First, focusing on GPT-4, our experiments reveal qualitatively different behavior between the easy and hard instances (Figure 11(a) and Figure 11(c)). Indeed, the easy instance appears to be much easier; most GPT-4 configurations avoid suffix failures and accrue large rewards on this instance, and the Greedy Frac statistic offers a potential explanation as to why. On the easy instance, most GPT-4 configurations have very high Greedy Frac values, so they behave similarly to GREEDY, which performs quite well (even though GREEDY provably fails with small constant probability and, empirically, has many suffix failures on this instance).10 A plausible hypothesis from this is that GPT-4 performs quite well in low-noise settings, which is precisely when GREEDY also performs well.
A stronger hypothesis would be that most GPT-4 configurations (except perhaps those using reinforced Co T) behave like GREEDY on all instances, but this hypothesis is invalidated by the Greedy Frac statistics for our experiments on the hard instance. On the hard instance, it seems that most GPT-4 configurations are doing something non-trivial (albeit flawed); their behavior is neither completely GREEDY-like nor like uniform-at-random.
Toward a more fine-grained understanding, we ran a collection of small-scale secondary experiments focusing on the per-round decisions of LLM-agents. The experiments focus on a single round t in a bandit problem. Each experiment considers a particular data source" (a distribution of bandit histories), samples N = 50 bandit histories of length t from this distribution, and presents them to the agents (the LLMs and the baselines) and asks them to output an arm or distribution over arms. We track two statistics for each agent: Greedy Frac and Least Frac, the fraction of replicates in which the agent chose, resp., an empirically best arm so far and a least-chosen arm so far. We vary the data source, i.e., the algorithm which generates the history. In particular, we consider histories generated by sampling uniformly at random (Unif) and by running our baselines UCB and TS for t rounds.

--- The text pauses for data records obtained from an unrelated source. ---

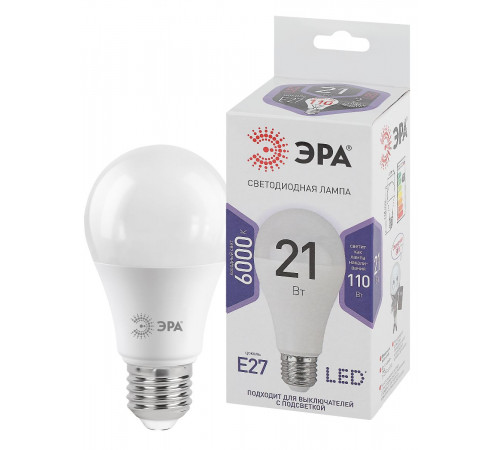 Лампа светодиодная Эра E27 21W 6000K LED A65-21W-860-E27 Б0035333 Лампа светодиодная Эра E27 21W 6000K LED A65-21W-860-E27 Б0035333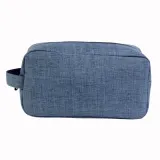Trusă de cosmetice din țesătură de poliester melanj 300D, cu mâner – cu logo-ul firmei — fotografia 2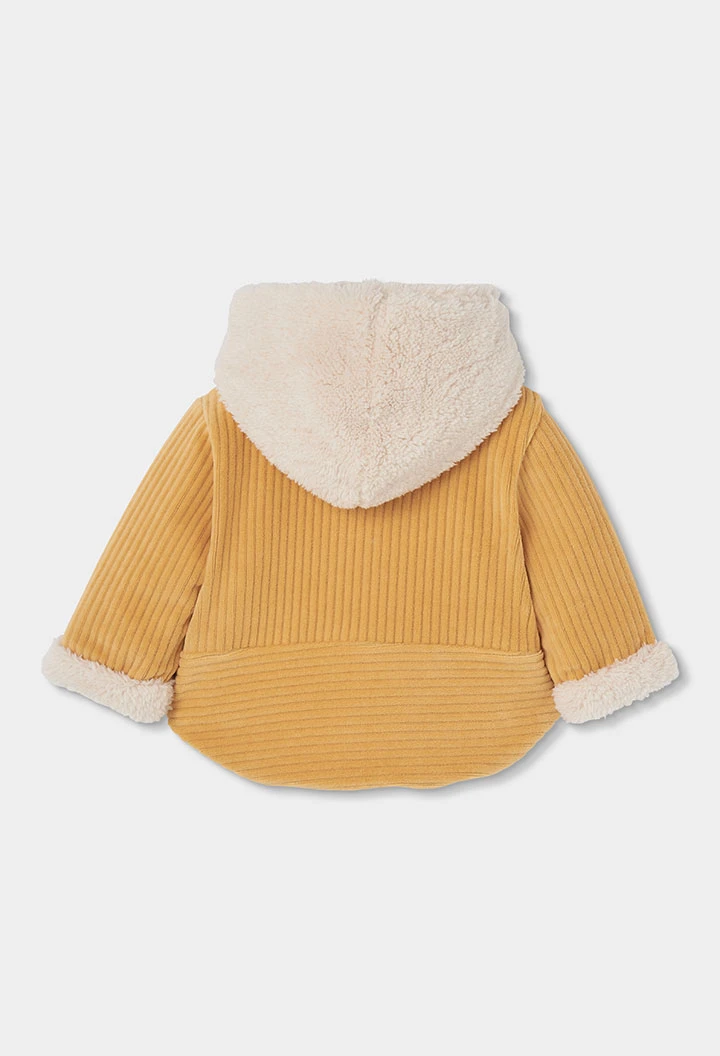 Veste en maille bébé jaune avec capuche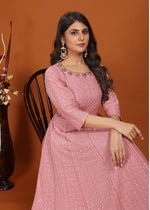 Thumbnail for Monjolika Fashion Faux Georgette Embroidered Readymade Gown In Pink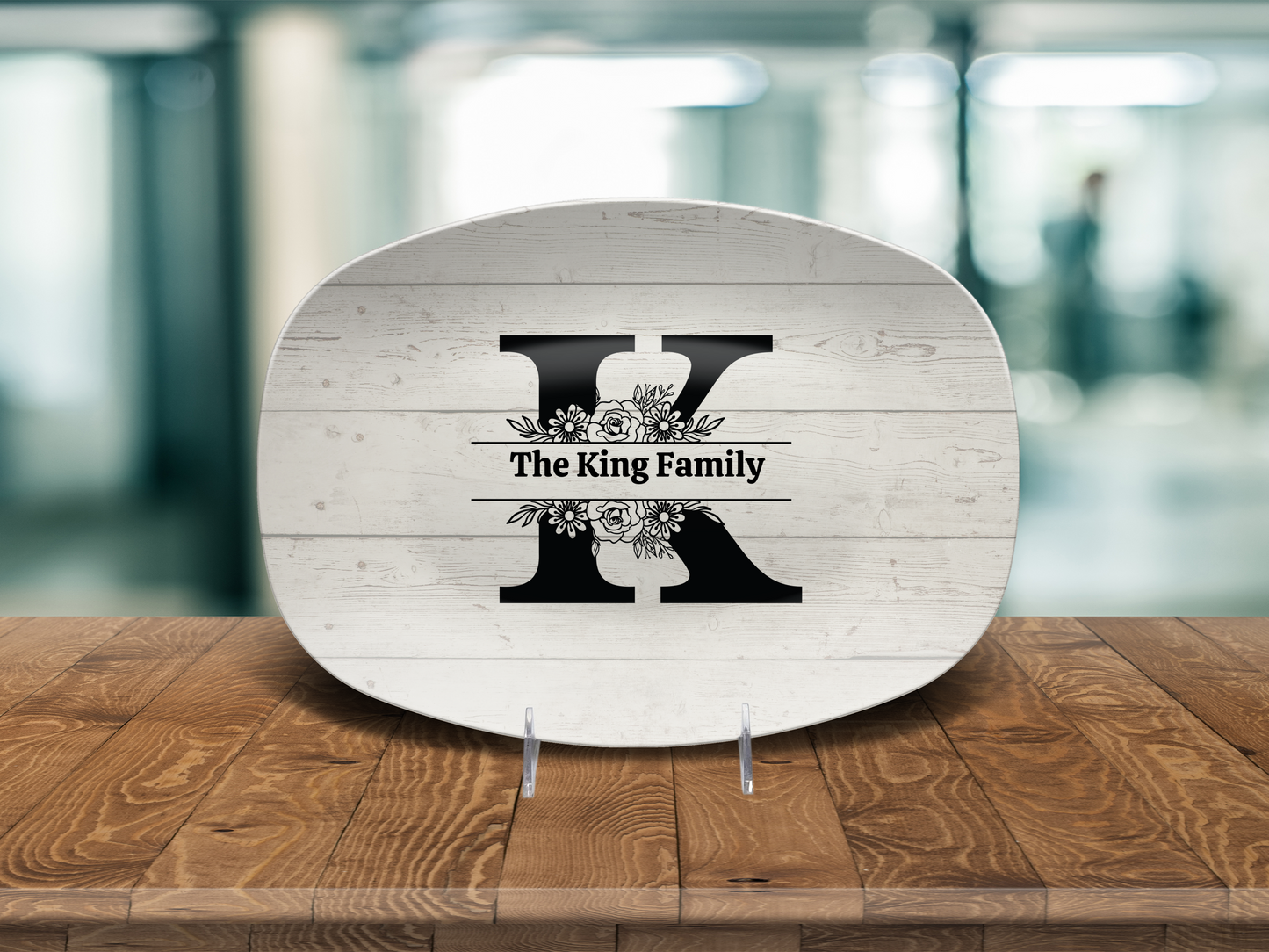 Personalized Family Monogram Serving Tray, Custom Name Plate, Family Gift Idea, Wedding Gift Idea, Dishwasher Safe Oval Plate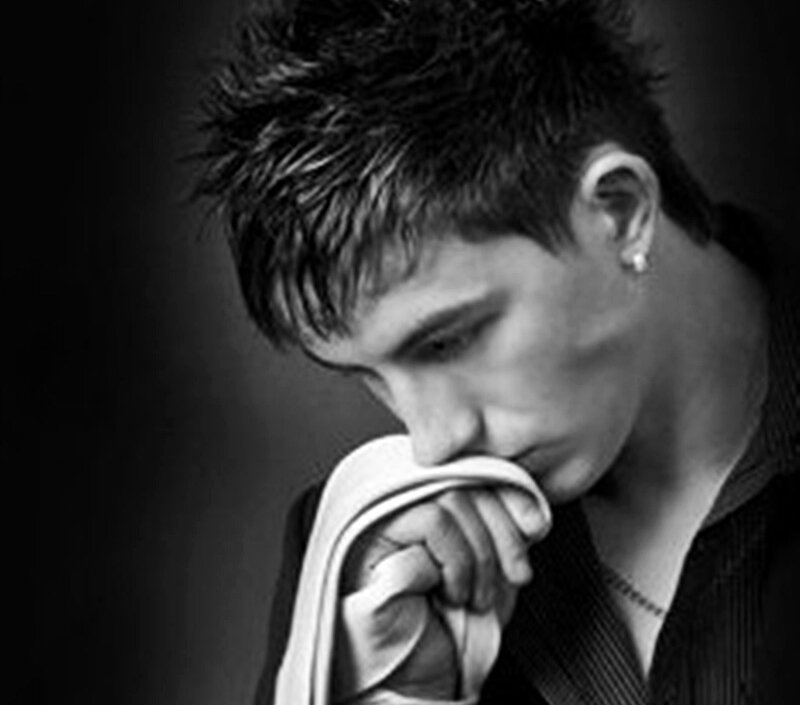 Man with Spiky Hair — Black, Dramatic, Photograph, Earring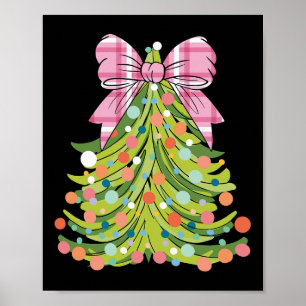 Affiche Arbre de Noël Coquette Bow rose Noël Hommes Fils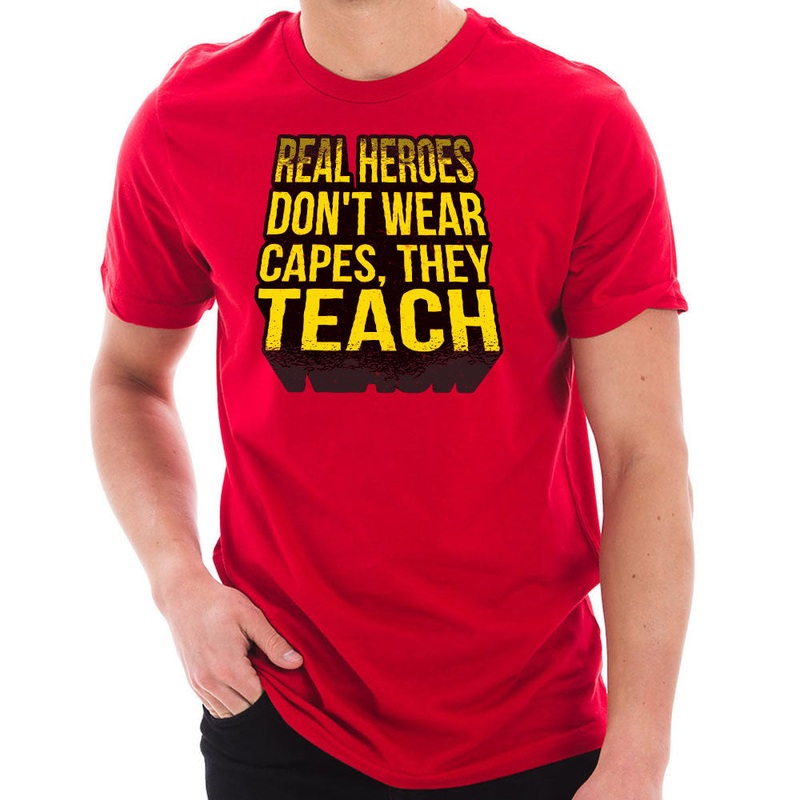 Teachers Are Heroes Phrase Graphic Design Short Sleeve Jersey T-Shirt Red XS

Results are summarized in Figure 19. Unfortunately, we find that per-round performance of both the LLMs and the baselines is very sensitive to the particular data source. For example, the Min Frac statistic of UCB can vary from as high as 0.46 on histories generated uniformly at random to as low as 0.09 on histories generated by UCB itself. It seems plausible to conclude the BNSN0 is too greedy while BSRN0 is too uniform, but the statistics for the other two LLM configurations (BNRN0 and BNRC0) both of which fail in our longitudinal experiments fall within the reasonable range provided by the baselines. Thus, we find that it is challenging to assess whether LLM agents are too greedy or too uniform-like based on per-round decisions, even though these agents behave rather differently from the baselines in the longitudinal experiments.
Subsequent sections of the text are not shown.